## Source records
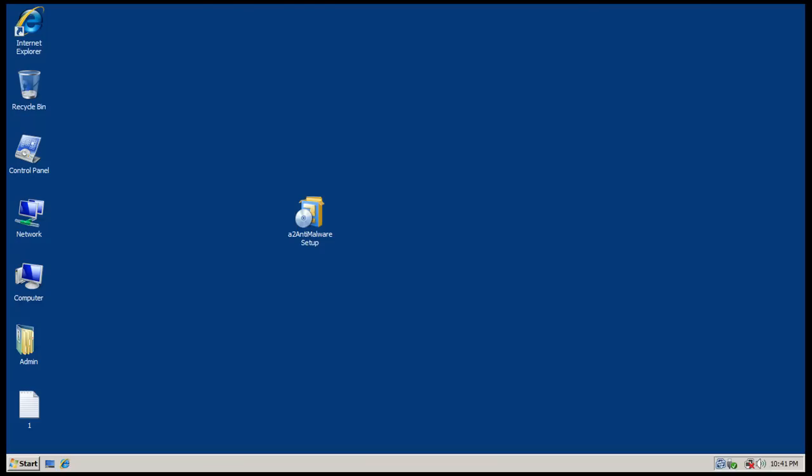Hey everybody and welcome to another review. Happy Halloween to people who are into Halloween. I got two reviews that I'm gonna do tonight. First off I'm gonna do A-squared anti-malware, and after that I am going to do one more antivirus.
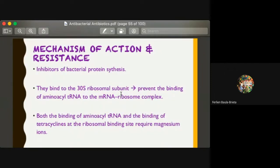With regards to the mechanism of action of tetracycline, it inhibits bacterial protein synthesis. It is categorized according to pharmacodynamics of antibacterials as bacteriostatic. It inhibits bacterial protein synthesis by binding to the 30S ribosomal unit, thus preventing the binding of aminoacyl-tRNA to the mRNA-ribosome complex.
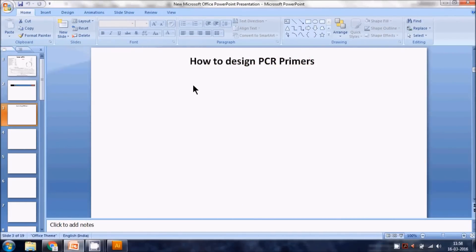Let's do another tutorial on how to design PCR primers for a gene and for cloning. I will tell you step by step how to achieve this. I have not written anything in advance, but let's do it together.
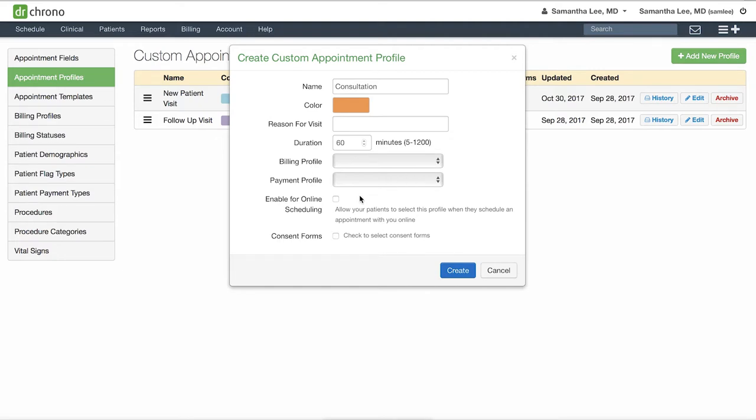If you would like for patients to be able to select this type of visit when scheduling an appointment online via the scheduling widget, check off enable online scheduling.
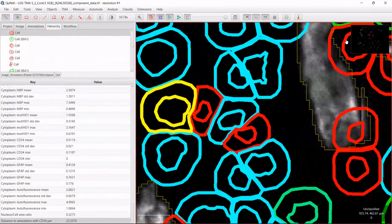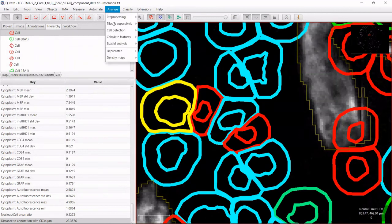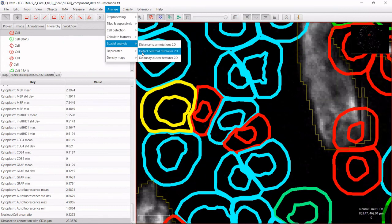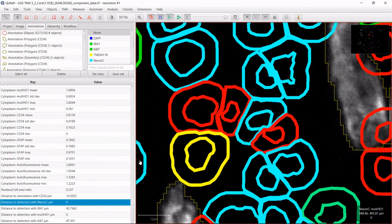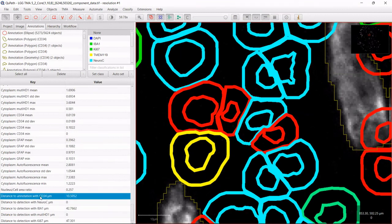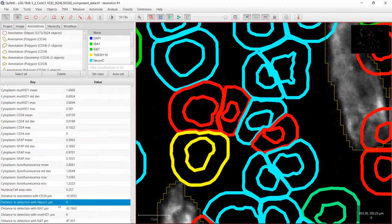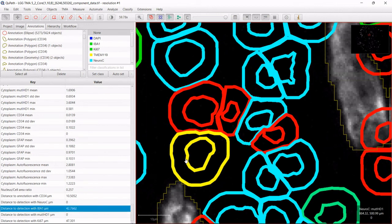Another spatial method I find very useful is, again under Analyze > Spatial Analysis, the Centroid Distances command. This adds new measurements for each cell: the distance to cells of other classes. For example, for the currently highlighted cell, we can see it is 42 microns away from the next IBA1 cell, and 47 microns away from a KI67 positive cell.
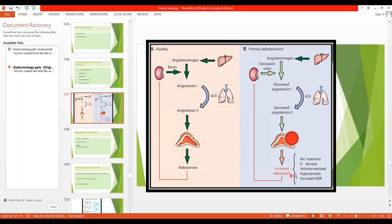The volume overload and increased aldosterone cause negative feedback on renin, so there will be decreased renin. This is an important finding and one of the key diagnostic criteria of primary aldosteronism — decreased plasma renin, leading to decreased angiotensin 1 and 2. But due to the tumor in the adrenal cortex, aldosterone is high while renin is low.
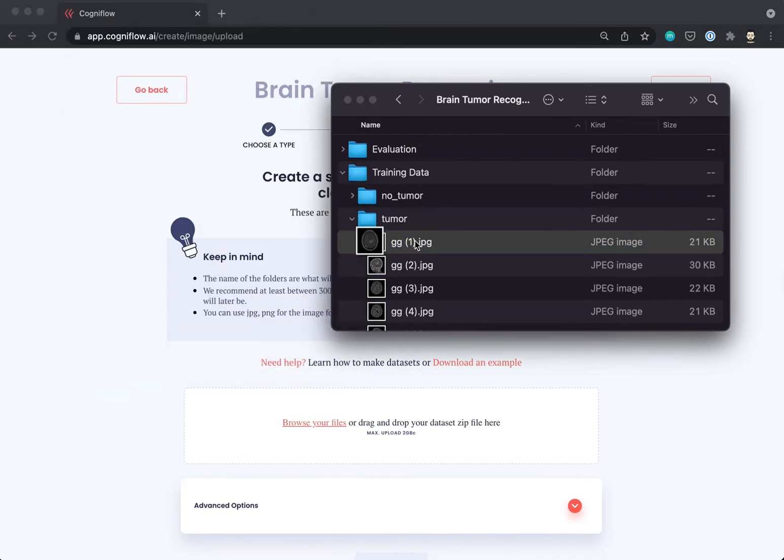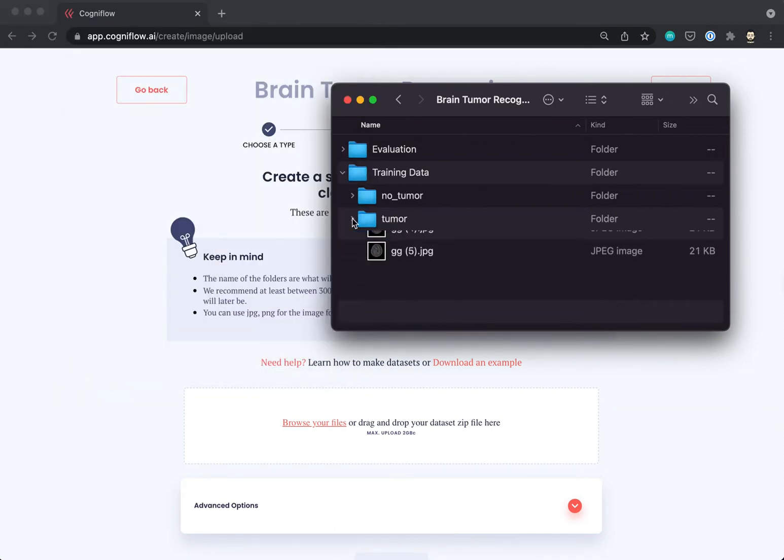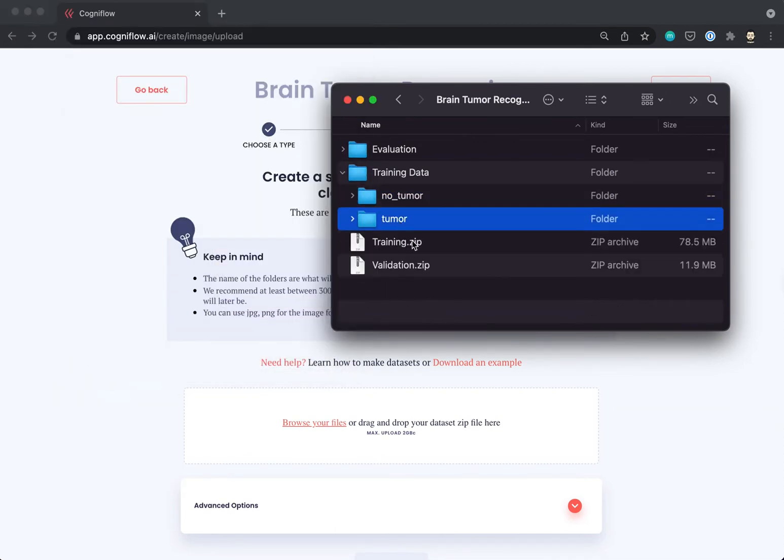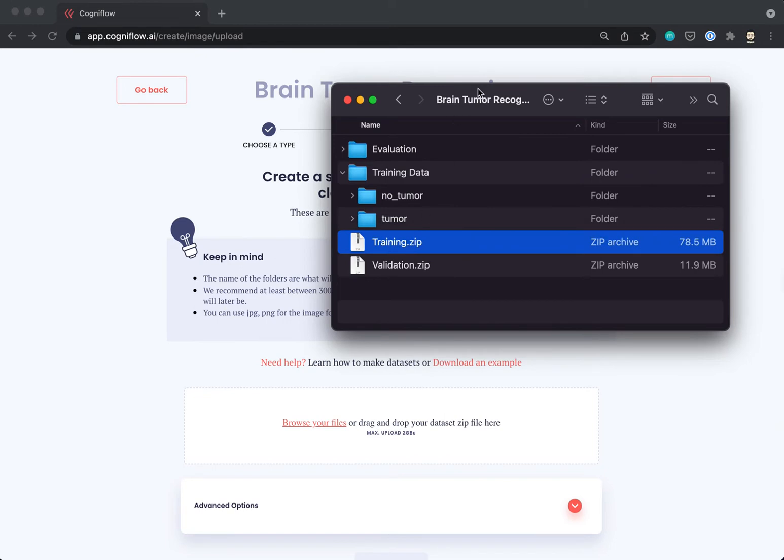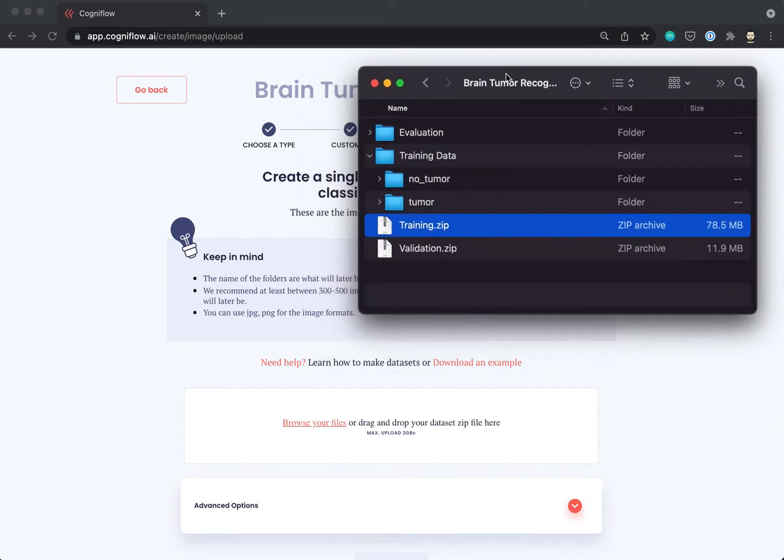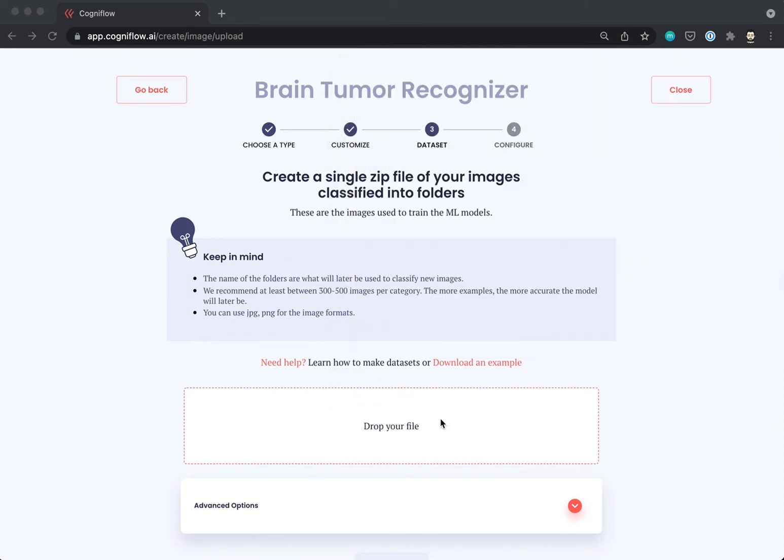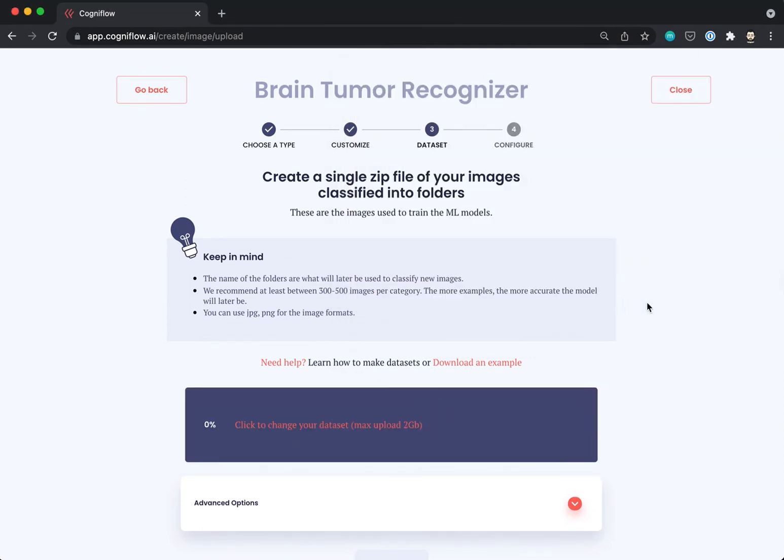In this example we have two folders, Tumor and No Tumor. Each folder contains several images that represent the proper assessment. Then, we drag and drop a zip file containing the two folders, and we press next step.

## Task prompt
All of the entries above should be duplicated exactly, except for the pictures.

## Response to the task
Hey everybody and welcome to another review. Happy Halloween to people who are into Halloween. I got two reviews that I'm gonna do tonight. First off I'm gonna do A-squared anti-malware, and after that I am going to do one more antivirus.
With regards to the mechanism of action of tetracycline, it inhibits bacterial protein synthesis. It is categorized according to pharmacodynamics of antibacterials as bacteriostatic. It inhibits bacterial protein synthesis by binding to the 30S ribosomal unit, thus preventing the binding of aminoacyl-tRNA to the mRNA-ribosome complex.
Let's do another tutorial on how to design PCR primers for a gene and for cloning. I will tell you step by step how to achieve this. I have not written anything in advance, but let's do it together.
If you would like for patients to be able to select this type of visit when scheduling an appointment online via the scheduling widget, check off enable online scheduling.
Another spatial method I find very useful is, again under Analyze > Spatial Analysis, the Centroid Distances command. This adds new measurements for each cell: the distance to cells of other classes. For example, for the currently highlighted cell, we can see it is 42 microns away from the next IBA1 cell, and 47 microns away from a KI67 positive cell.
The volume overload and increased aldosterone cause negative feedback on renin, so there will be decreased renin. This is an important finding and one of the key diagnostic criteria of primary aldosteronism — decreased plasma renin, leading to decreased angiotensin 1 and 2. But due to the tumor in the adrenal cortex, aldosterone is high while renin is low.
In this example we have two folders, Tumor and No Tumor. Each folder contains several images that represent the proper assessment. Then, we drag and drop a zip file containing the two folders, and we press next step.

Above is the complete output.